Why the BNP failed to stoke racist fires after a savage Glasgow murder
Magnus Linklater | Wednesday, 24 March 2004 | Click here for original article
ALL THE ingredients for a race riot were there. A 15-year-old white boy was set upon by a gang of Asian youths, brutally beaten, bundled into a car, and later killed. An inner-city area with a growing immigrant population, beset by unemployment, drugs and crime, seemed to stand on the edge of breakdown. As if that was not enough, the British National Party sent a delegation on to the streets to stoke up resentment. It took far less than that to pitchfork Bradford and Bristol into anarchy. Yet in Glasgow, it did not happen.
Explaining why is more difficult than exploring the events that led to the killing in the first place. It may also be tempting fate; if white gangs were to go out looking for revenge, the city could still explode. But last weekend what took place in Pollokshields, on Glasgow's south side, was strangely encouraging. The community took a long hard look at what had happened, and pulled back from confrontation. Ethnic leaders, councillors, local politicians, all gave warning about the dangers if violence were allowed to escalate. It did not. The BNP came and went. The tensions remained, as did the grief, but Pollokshields itself stayed calm.
There are lessons to be found here for other divided communities, but they have less to do with racial barriers than with common crime. Dealing with that, both sides agreed, was more important than addressing ethnic issues. The mother of the murder victim put it best, and what she said may have set the tone for much of what followed.
Angela Donald's son Kriss died in awful circumstances. It was the middle of the afternoon, and he was playing truant, walking down the street with a 19-year-old friend.
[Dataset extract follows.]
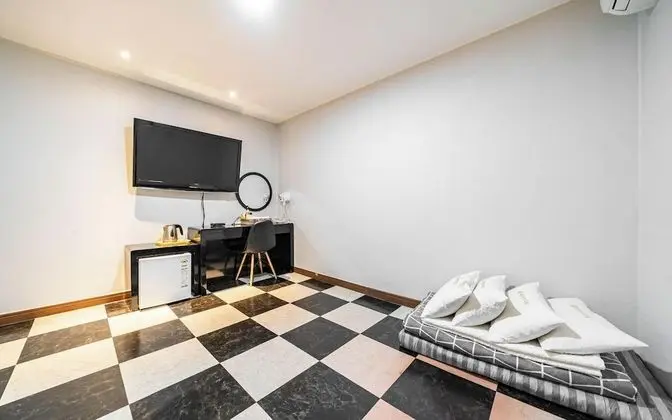 Oda (Ondol (Netflix available))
A single Asian youth came up to the couple and, without apparent provocation, picked a fight. A group of five other Asians then appeared and began to attack Kriss, beating him savagely, despite his cries for help. His friend tried in vain to rescue him. Passers-by did nothing. Kriss was pushed into a car and driven off. His body, almost unrecognisable, was found the next day.
Appealing for help in tracing the gang, his mother described the killers as "five men driven by hate". It did not matter what colour they were, she said, people should not take the law into their hands. So far that plea has been respected. In an area where ethnic minorities account for almost 40 per cent of the population, both sides are aware of the tensions that racism can cause. They are more concerned, however, about rising crime among gangs of young men, both white and black. Break-ins, car theft and drugs are seen as prevailing social evils. While well-established Asian families have gradually, over the past 30 years, become more integrated into the community, some of them moving into comfortable middle-class districts, the younger generation seems more separate than ever. They remain, like their counterparts in Burnley and Bradford, divided, not just from the white population, but often from a disapproving older generation too.
This sense of alienation is shared by many of their white counterparts who drop out of school and wander the streets. The aggression they show is bound up with drugs, street crime or simply inter-gang rivalry. "These young people have terrorised their own community," says the editor of a local Asian newspaper. Distinguishing between their behaviour and racism is ultimately fruitless. Both are lethal. Five years ago, another 15-year-old met his death, but that time the victim was a young Asian, murdered by a white boy.
This may be why the BNP's visit was a non-event. In towns such as Burnley the party picks up votes from a white population which has begun to believe that it is an oppressed minority. In Pollokshields, the community resents anti-social behaviour in general, on which the BNP agenda is thin to non-existent.
That does not mean that racial tension is absent. Most ethnic leaders agree that there is little integration between young whites and Asians, and that relations have deteriorated since 9/11. It does suggest, however, that social cohesion requires more than building ethnic bridges. Councils who address these problems as a purely racial issue may simply emphasise the divisions. Dealing with the deeper malaise may take longer but is more likely to succeed — that is something that Burnley might learn from. Better housing, more leisure facilities, tackling drugs would all help to reintegrate young people, whatever their colour. "We are losing a whole generation," said one local commentator. "We need to find them again." That just might help to defuse the racial time bomb as well.